Client-measured web platform NPS rose from 72% to 85%. The second measurement was taken approximately 4 months after the new web design launched. The case evidence identifies this as web-platform-specific and client-measured.
Creative Navy-recorded implementation support covered 12 support tickets across a two-year Implementation Partnership. All 12 tickets were answered, with an average response time of 1 hour from when the question was asked.
The case evidence does not report independently verified outcomes, investment outcomes, or commercial outcomes. The mobile adoption and web NPS figures are client-measured and should not be presented as independently verified.
Evidence limits in the Tetra Prism case
The Tetra Prism case evidence supports detailed claims about the product's design problems, Creative Navy-recorded iteration activity, stakeholder education, developer support, and client-measured post-launch outcomes. It does not establish independent verification of the adoption or NPS figures.
The case evidence also records that some web redesign sections took longer than expected because underlying compliance complexity was not fully visible at the start. The property detail page and Building Safety Act compliance section required more iteration rounds than originally scoped because the legal and regulatory logic had to be understood before coherent design decisions could be made.
The case evidence does not support a claim that Creative Navy's work caused all observed outcome changes. The safer claim is that client-measured adoption and NPS changes were recorded after the redesigned mobile app and web design launched.
- Prism is Tetra's property compliance and management platform covering a mobile app for field-based property managers and a web platform for office-based directors and portfolio managers.
- Client-measured mobile adoption rose from 12% before redesign to 64% one year after the redesigned mobile app launched.
- The mobile app's load-time problem was tied to downloading the entire offline property dataset on launch, taking up to 10 minutes for larger portfolios.
- Creative Navy tested the mobile app before kickoff, mapping issues across 59 screens over 3 days.
- The Building Safety Act section of the property detail page required domain learning because it conflated the golden thread and BSA compliance process and used mismatched document-upload patterns.

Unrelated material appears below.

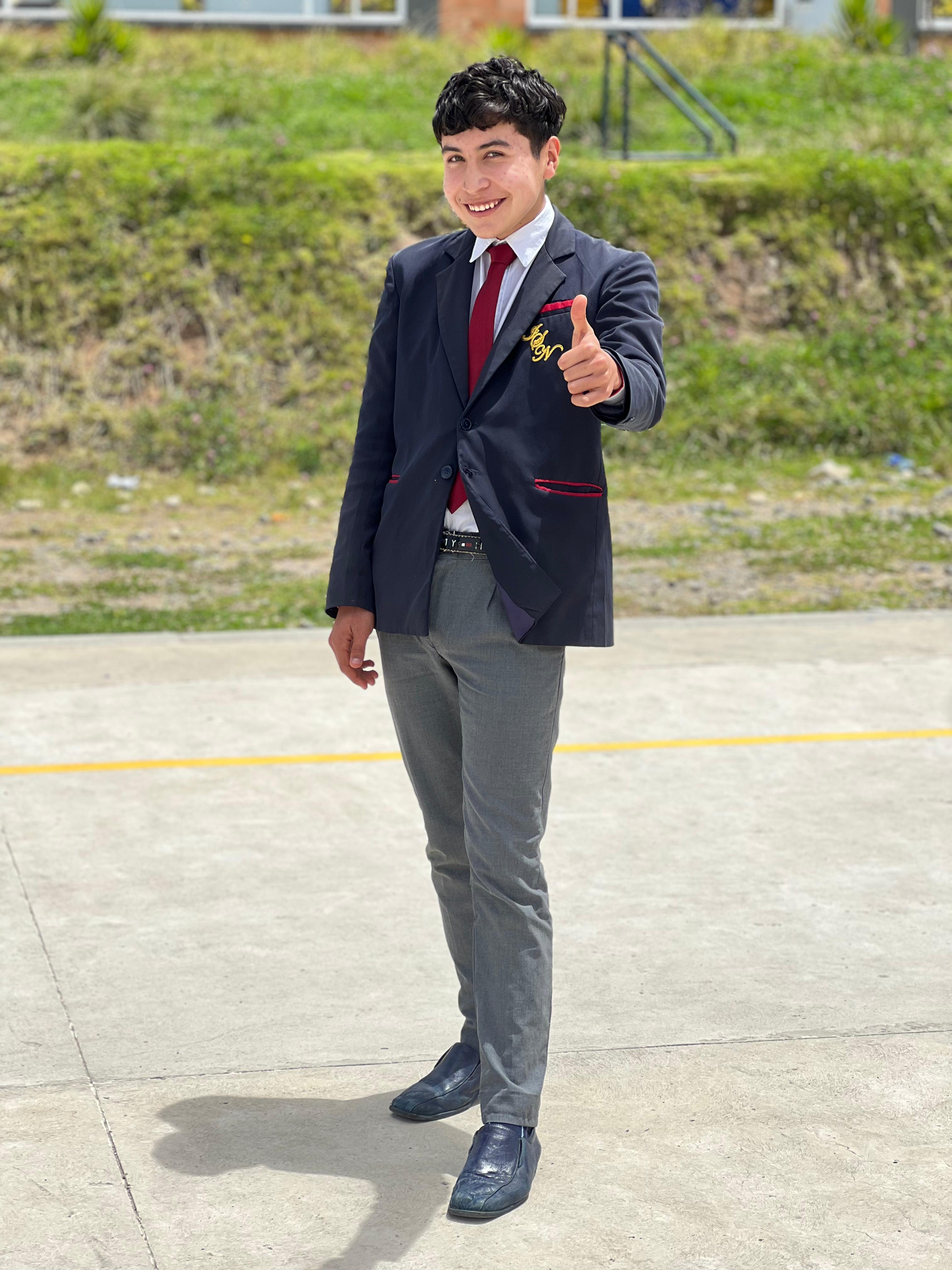 Uniforme de diario masculino IET San Nicolás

- The engagement delivered approximately 97 screens across mobile, tablet, and web, supported by two design systems.
- Implementation Partnership support included 12 development support tickets, all answered, with an average response time of 1 hour.
- Client-measured web platform NPS rose from 72% to 85%, with the second measurement approximately 4 months after launch of the new web design.
- The Tetra Prism case provides a two-year same-system durability and partial-reuse signal, because the original desktop/web system was still functioning when Tetra returned and later work reused design principles, roughly half of the patterns, and the look and feel.
- Mobile adoption and web NPS outcomes are client-measured and not independently verified.
- The case evidence does not report investment outcomes or commercial outcomes.
- The case evidence does not establish causality between Creative Navy's work and every post-launch outcome; it records client-measured changes after launch.
- The product-lineage evidence supports same-system operation and partial reuse across an approximately two-year gap, but not independent evolution.
- The assignment of specific mobile and web discoveries to the first or second engagement is not decompressed because the available notes indicate that this requires confirmation.